Die NATO wird auf der Sicherheitskonferenz in Bukarest im April ein neues Strategiekonzept diskutieren. Was ist daran neu? Und welche Veränderungen in den Kriegskonzepten sind zu erwarten, falls Barack Obama US-Präsident wird? Angela Klein (SOZ) sprach darüber mit dem Politikwissenschafter Jürgen Wagner.

11.03.2008

Frage: Auf der NATO-Konferenz in Bukarest im April soll über eine Neufassung des Strategiekonzepts beraten werden. Gibt es dazu unterschiedliche Ansätze?
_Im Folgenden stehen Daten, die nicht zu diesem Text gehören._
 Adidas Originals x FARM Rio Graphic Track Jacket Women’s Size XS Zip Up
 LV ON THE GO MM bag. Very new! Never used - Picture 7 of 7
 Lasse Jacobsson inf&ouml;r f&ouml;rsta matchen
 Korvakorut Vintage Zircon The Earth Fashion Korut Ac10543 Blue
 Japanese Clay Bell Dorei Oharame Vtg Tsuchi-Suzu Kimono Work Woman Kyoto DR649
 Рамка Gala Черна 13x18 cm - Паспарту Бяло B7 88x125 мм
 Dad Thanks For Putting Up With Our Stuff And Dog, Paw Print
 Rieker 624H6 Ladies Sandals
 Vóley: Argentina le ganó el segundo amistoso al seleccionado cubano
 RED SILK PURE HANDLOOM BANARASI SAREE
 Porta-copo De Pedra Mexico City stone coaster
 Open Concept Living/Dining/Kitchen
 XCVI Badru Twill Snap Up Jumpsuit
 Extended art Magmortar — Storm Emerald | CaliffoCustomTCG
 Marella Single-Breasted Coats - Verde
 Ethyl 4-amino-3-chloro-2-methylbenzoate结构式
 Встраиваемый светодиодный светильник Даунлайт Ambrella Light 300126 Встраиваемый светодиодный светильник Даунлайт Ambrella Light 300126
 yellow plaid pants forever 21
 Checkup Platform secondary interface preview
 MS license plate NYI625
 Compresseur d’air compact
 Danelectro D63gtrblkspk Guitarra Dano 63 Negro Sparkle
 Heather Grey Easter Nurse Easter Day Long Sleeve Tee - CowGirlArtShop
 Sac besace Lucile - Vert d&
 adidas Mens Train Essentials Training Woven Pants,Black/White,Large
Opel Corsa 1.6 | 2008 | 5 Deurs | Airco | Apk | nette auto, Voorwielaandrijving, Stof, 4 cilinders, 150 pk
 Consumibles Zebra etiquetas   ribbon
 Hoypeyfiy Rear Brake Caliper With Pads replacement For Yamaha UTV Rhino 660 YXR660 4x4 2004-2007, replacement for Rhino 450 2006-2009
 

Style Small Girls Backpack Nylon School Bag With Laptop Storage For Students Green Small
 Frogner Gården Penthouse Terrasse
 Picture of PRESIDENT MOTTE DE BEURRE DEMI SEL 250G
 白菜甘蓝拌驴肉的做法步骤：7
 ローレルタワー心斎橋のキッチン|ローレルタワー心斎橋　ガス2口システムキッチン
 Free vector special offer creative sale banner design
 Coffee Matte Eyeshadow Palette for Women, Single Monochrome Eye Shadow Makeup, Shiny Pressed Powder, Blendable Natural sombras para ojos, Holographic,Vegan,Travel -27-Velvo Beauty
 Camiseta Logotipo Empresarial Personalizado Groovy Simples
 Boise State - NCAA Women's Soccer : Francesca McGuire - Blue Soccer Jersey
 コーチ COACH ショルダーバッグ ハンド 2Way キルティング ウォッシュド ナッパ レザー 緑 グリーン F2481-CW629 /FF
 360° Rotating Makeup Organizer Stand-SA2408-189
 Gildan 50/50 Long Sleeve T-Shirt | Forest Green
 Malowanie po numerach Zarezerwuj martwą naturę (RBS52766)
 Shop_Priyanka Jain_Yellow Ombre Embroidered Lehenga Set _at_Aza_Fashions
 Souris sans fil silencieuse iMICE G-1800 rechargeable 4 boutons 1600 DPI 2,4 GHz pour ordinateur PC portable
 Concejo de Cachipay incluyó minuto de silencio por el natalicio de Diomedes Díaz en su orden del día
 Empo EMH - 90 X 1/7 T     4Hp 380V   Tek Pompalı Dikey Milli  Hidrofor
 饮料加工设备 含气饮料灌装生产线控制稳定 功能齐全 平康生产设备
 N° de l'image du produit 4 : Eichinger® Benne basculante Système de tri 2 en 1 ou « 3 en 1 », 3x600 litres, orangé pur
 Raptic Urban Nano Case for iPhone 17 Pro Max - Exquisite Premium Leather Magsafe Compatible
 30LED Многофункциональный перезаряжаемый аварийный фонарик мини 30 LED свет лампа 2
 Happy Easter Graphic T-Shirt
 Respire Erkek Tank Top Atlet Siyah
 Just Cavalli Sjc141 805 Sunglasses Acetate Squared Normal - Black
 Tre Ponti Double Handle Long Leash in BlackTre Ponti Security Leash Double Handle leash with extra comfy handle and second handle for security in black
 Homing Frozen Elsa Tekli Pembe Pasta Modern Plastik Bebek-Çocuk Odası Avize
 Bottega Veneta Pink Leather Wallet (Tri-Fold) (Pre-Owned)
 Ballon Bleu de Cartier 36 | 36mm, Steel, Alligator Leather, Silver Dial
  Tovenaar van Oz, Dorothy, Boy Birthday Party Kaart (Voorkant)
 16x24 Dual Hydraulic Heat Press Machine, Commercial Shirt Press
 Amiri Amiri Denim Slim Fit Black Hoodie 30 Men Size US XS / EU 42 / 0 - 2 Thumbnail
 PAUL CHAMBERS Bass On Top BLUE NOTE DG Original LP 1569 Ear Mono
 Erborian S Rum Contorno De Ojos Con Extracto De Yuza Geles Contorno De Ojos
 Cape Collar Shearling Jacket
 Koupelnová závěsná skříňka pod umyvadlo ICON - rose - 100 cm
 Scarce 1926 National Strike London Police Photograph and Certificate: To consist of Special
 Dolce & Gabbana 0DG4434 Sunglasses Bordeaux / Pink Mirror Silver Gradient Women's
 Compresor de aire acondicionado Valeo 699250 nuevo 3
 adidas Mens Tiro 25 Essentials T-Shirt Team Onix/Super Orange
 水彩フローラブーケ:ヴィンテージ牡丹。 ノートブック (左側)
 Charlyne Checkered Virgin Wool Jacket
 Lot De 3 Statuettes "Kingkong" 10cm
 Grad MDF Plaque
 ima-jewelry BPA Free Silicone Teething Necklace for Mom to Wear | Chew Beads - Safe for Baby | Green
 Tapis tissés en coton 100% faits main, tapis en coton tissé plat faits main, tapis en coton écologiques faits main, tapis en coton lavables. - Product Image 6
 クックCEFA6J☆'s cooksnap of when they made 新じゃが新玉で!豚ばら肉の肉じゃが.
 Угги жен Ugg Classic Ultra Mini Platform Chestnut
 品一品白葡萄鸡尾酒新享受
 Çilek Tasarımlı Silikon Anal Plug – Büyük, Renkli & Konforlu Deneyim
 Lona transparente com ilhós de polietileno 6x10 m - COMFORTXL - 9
Jürgen Wagner: Dass die NATO das militärische Instrument der westlichen Interessendurchsetzung ist und auch bleiben soll, in dieser grundsätzlichen Frage ist man sich innerhalb des Bündnisses durchaus einig.
Wer allerdings wann und inwieweit über künftige NATO-Kriege bestimmen darf, darüber gibt es ziemliche Meinungsunterschiede. In diesem Kontext sind die im Januar 2008 veröffentlichten Vorschläge fünf hochrangiger NATO-Strategen — unter ihnen der frühere Oberkommandierende der Allianz, John Shalikashvili, und der ehemalige Vorsitzende des NATO-Militärkomitees, Klaus Naumann — von Bedeutung. Sie fordern u.a. die Abschaffung sämtlicher "caveats". Hierbei handelt es sich um Sonderregeln, bei denen jedes NATO-Mitglied gesondert festlegt, wie weit sich seine Truppen in die Kriegführung am Hindukusch und anderswo verstricken dürfen. Darüber hinaus wollen sie, dass die NATO "das Konsensprinzip auf allen Ebenen unterhalb des NATO-Rats aufgibt und auf Komitee- und Arbeitsgruppenebene Mehrheitsentscheidungen einführt". Schließlich solle zwar weiterhin kein Mitgliedstaat dazu gezwungen werden können, sich an einem Krieg zu beteiligen. Sollte er sich jedoch weigern, sollte er "auch kein Mitspracherecht hinsichtlich militärischer Operationen erhalten. Aus diesem Grund schlagen wir ... vor, dass nur die Staaten, die zu einer Mission beitragen — das bedeutet militärische Kräfte in einer Militäroperation — ein Mitspracherecht bezüglich dieser Operation erhalten."
Sollte sich diese Position durchsetzen, würden Länder, die sich nicht oder nur bedingt an einem NATO-Krieg beteiligen wollen, effektiv jeglicher Mitsprache- und Einspruchsrechte beraubt.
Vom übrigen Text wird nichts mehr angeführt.